USA Today brings attention to the challenge that Louisville, KY faces after the Supreme Court struck down an integration plan in 2007 that would have required every school in the Jefferson County School District to have between 15% and 50% Black enrollment to ensure a diverse student population:

“Now, Louisville is taking another swing at school integration. Under a new student-assignment plan that's tied to household income and dependent on increased cross-town busing, elementary schools slowly are being integrated in a different way. Yet the district that lost its case before the high court has fallen short of its goals of having a mix of students from higher- and lower-income areas and a blend of races in all classrooms.

“Its situation reflects the new landscape for school integration that's coming into focus three years after the Supreme Court's 5-4 ruling. The new reality tests the legacy of Brown v. Board of Education—the landmark high-court decision that struck down the doctrine of ‘separate but equal’ schools more than a half-century ago—as school districts decide whether to continue to make integration a priority or return to neighborhood schools, whose enrollments often reflect communities' racial divide.

“‘I think that minority schools are going to be even more isolated,’ says education professor Gary Orfield, co-director of the Civil Rights Project at University of California-Los Angeles, which supports integration. ‘For very large communities, there is going to be no integration experience available...Segregation perpetuates itself.’”

Citing it as a sign of how problematic the foreclosure process has become, The New York Times writes that J.P. Morgan is following GMAC and has suspended 56,000 foreclosures in 23 states because of concerns about legal documents that may have been improperly prepared:

“Chase and GMAC, in their zeal to process hundreds of thousands of foreclosures as quickly as possible and get those properties on the market, employed people who could sign documents so quickly they popularized a new term for them: ‘robo-signer.’

“In depositions taken by lawyers for embattled homeowners, the robo-signers said they or their team had signed 10,000 or more foreclosure affidavits a month.

“Now that haste has come back to haunt them. The affidavits in foreclosures attest that the preparer personally reviewed the files, which those workers acknowledge they had no time to do.

GMAC and Chase say that their lapses were technical and will soon be remedied with new filings. But defense lawyers are seizing on these revelations and say they will now work to have their cases thrown out.

“Beyond the relative handful of foreclosure cases being contested are many more in which the homeowner did not have legal counsel. Potentially, hundreds of thousands of cases could be in doubt.”

The Los Angeles Times covers a congressional hearing to address what the government can and should do about thousands of militant websites that recruit potential terrorists and pose a threat to our nation’s safety:

“Militant websites are becoming more accessible and appealing to Americans, experts told members of Congress on Wednesday, adding that the sites must be monitored and some should be shut down.

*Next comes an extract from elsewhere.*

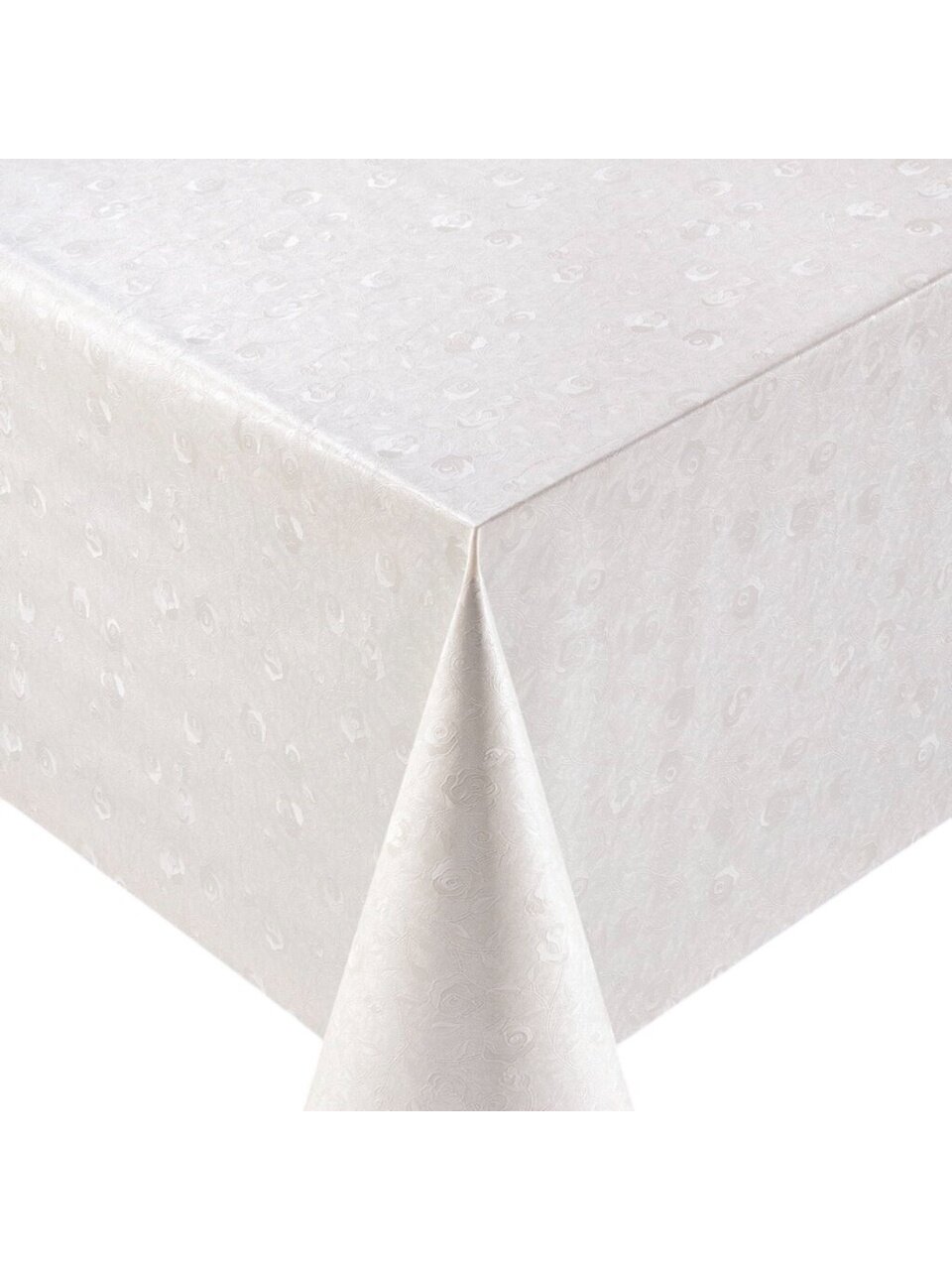 Клеенка Dekorama, 1.4х20 м, ПВХ на нетканой основе, белая, 545A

“At the moment, though, there are no government regulations or procedures for how to keep track of, or remove, websites promoting terrorist groups and extremist ideology, the experts said.

“Officials testifying at the House Foreign Affairs subcommittee on terrorism, nonproliferation and trade discussed strategies to combat websites that attempt to recruit members by using such familiar venues as Facebook and YouTube. […]

“Gregory McNeal, an associate law professor at Pepperdine University, purposed a three-prong approach to countering militant websites, including studying the sites for information, closing selected sites and co-opting others by providing countering ideology.”